■ Task goal
In the records below, find the line that contains "Set of 4 wooden" and the line that contains "Elektrické rozkládací křeslo"; write out exactly those two lines and everything between them, without the pictures.

─── Recorded information ───

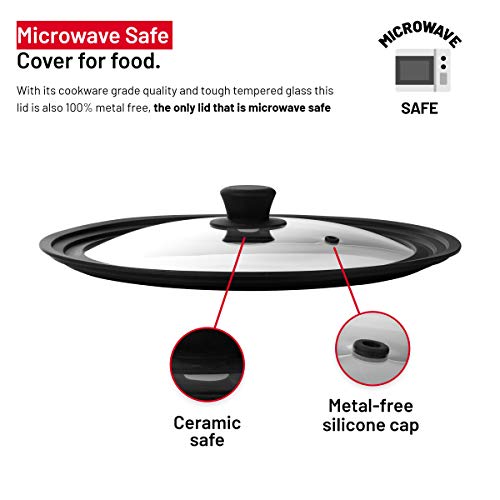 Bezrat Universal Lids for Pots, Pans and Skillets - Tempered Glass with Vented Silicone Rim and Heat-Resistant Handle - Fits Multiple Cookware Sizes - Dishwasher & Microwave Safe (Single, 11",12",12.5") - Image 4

───
─── Recorded information ───

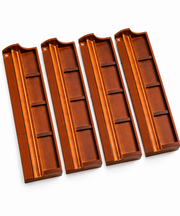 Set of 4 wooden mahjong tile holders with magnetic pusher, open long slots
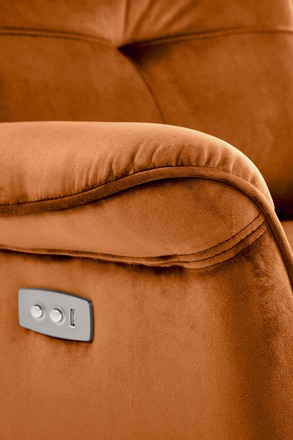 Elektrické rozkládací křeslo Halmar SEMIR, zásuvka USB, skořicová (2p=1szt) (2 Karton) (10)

───

■ Your response
 Set of 4 wooden mahjong tile holders with magnetic pusher, open long slots
 Elektrické rozkládací křeslo Halmar SEMIR, zásuvka USB, skořicová (2p=1szt) (2 Karton) (10)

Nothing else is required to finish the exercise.